Eskiden hastalara implante edildikten sonra kısa ömürlü olan, iskemik, hemorajik ve
tromboembolik komplikasyonlara neden olan ve hantallığıyla da hastaların yaşam kalitelerini
ve psikolojilerini kötü etkileyen bu cihaz günümüzde biyomedikal teknolojisinin gelişimine
paralel olarak oldukça ilerleme göstermiş ve artık daha uzun süreler kullanılabilen, daha az
komplikasyona neden olan, çok daha hafif, küçük ve sessiz çalışabilen, hayat kurtarıcı
medikal cihazlar kategorisine girmiştir. Ancak ventrikül destek cihazları hala
komplikasyonlara neden olabilmekle birlikte donör sayısının oldukça kısıtlı olduğu göz önüne
alındığında hastayı kalp nakline dek yaşatabilecek tek seçenek olarak görünmektedir. Bu
zamana kadar kat edilen mesafe de göz önüne alındığında bu cihazın önümüzdeki yıllar
içinde sorunsuzlaştırılacağına duyulan güven yüksektir.

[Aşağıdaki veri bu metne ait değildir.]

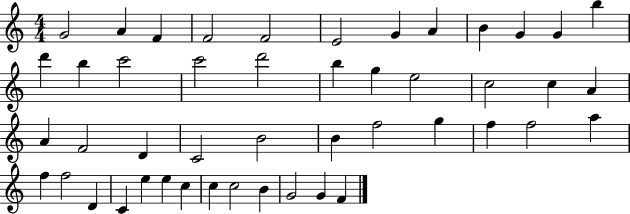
X:1
T:Untitled
M:4/4
L:1/4
K:C
G2 A F F2 F2 E2 G A B G G b d' b c'2 c'2 d'2 b g e2 c2 c A A F2 D C2 B2 B f2 g f f2 a f f2 D C e e c c c2 B G2 G F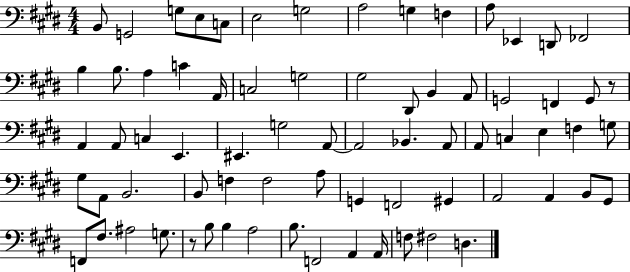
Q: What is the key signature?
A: E major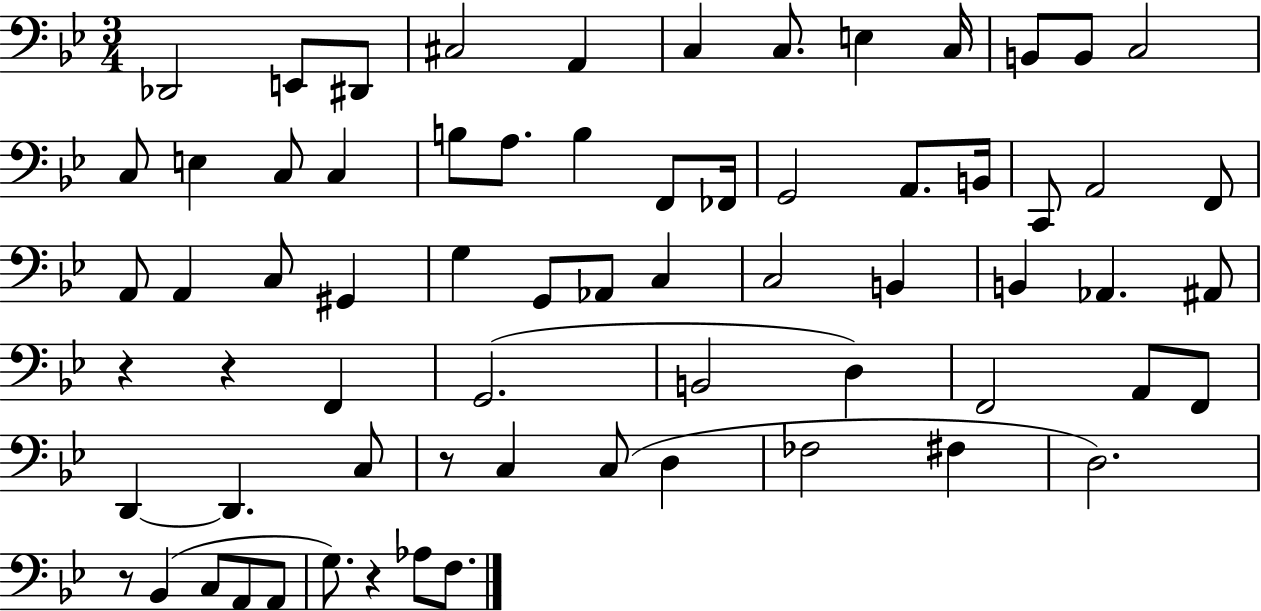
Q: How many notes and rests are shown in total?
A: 68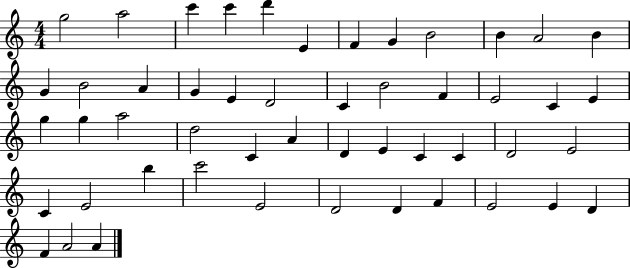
G5/h A5/h C6/q C6/q D6/q E4/q F4/q G4/q B4/h B4/q A4/h B4/q G4/q B4/h A4/q G4/q E4/q D4/h C4/q B4/h F4/q E4/h C4/q E4/q G5/q G5/q A5/h D5/h C4/q A4/q D4/q E4/q C4/q C4/q D4/h E4/h C4/q E4/h B5/q C6/h E4/h D4/h D4/q F4/q E4/h E4/q D4/q F4/q A4/h A4/q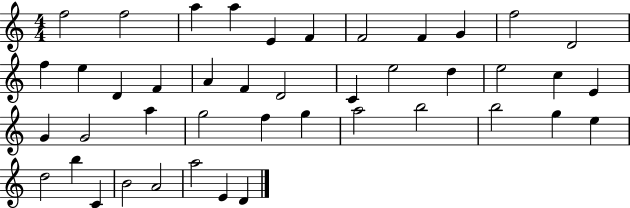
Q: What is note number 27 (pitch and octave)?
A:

Ben bölümüm dolayısıyla cihazın ne işe yaradığını ve ne amaçla kullanıldığını önceden
biliyordum ancak hocamın ve yardımcılarının da beni yönlendirmesiyle:
Cihazın içindeki parçaların tek başlarına ne işe yaradıklarını, hangi biyouyumlu
malzemelerden üretildiklerini ve bunların birleşerek bütünü nasıl oluşturduklarını,
Cihazın geçirdiği evrimleri, bu anlamda birinci, ikinci ve üçüncü nesil LVAD’leri birbirlerinden
ayıran farkları, radikal değişimleri ve bunların ortaya ne gibi sonuçlar çıkardığını,
Birinci nesil LVAD’ler ve bunların dezavantajlarını, bu dezavantajların hangi yollarla bertaraf
ediliğini,
İkinci nesil LVAD’ler ve bunların getirdiği komplikasyonları, bu komplikasyonların ne gibi
çözüm yolları ve hangi teknolojik gelişmelerin kullanılarak bu komplikasyonlara son
verildiğini,
Güncel, yani üçüncü nesil LVAD’leri – bunları üreten şirketleri ve üçüncü nesil LVAD’lerin hala
geliştirilmesi gereken; oluşabilen komplikasyonları yok etmenin ya da azaltmanın teorik
yollarını,
Kan uyumluluğu için kullanılabilecek başka malzemeleri,
Cihazın ömrünü kısıtlayan parçaları ve geliştirilmesi için düşünülen yolları,
Üçüncü nesil LVAD’lerin kan uyumluluğunu tam anlamıyla geliştirmek ve cihazın iç kısmını
tamamen insansı dokuyla birleştirmek için kullanılan günümüz son teknolojisi Endothelial
Cell Lining çalışmalarının LVAD’lerde nasıl kullanıldığını,
LVAD’lerin test edilmesi, in vitro ve in-vivo testler,
In-vivo testlerin nasıl yapıldığı, nasıl bir yol izlendiği, iskemik, hemorajik ve tromboembolik
komplikasyonların gözlenebilmesi için hangi parametrelerin sürekli takip edildiğini,
Ve son olarak bu cihazların implantasyon tekniklerini, dünyaca kabul gören bilimsel
kaynaklardan araştırdım. Bana bu imkanı sağlayan başta hocam Assoc. Prof. İsmail Lazoğlu’na
ve Koç Üniversitesine teşekkür ederim.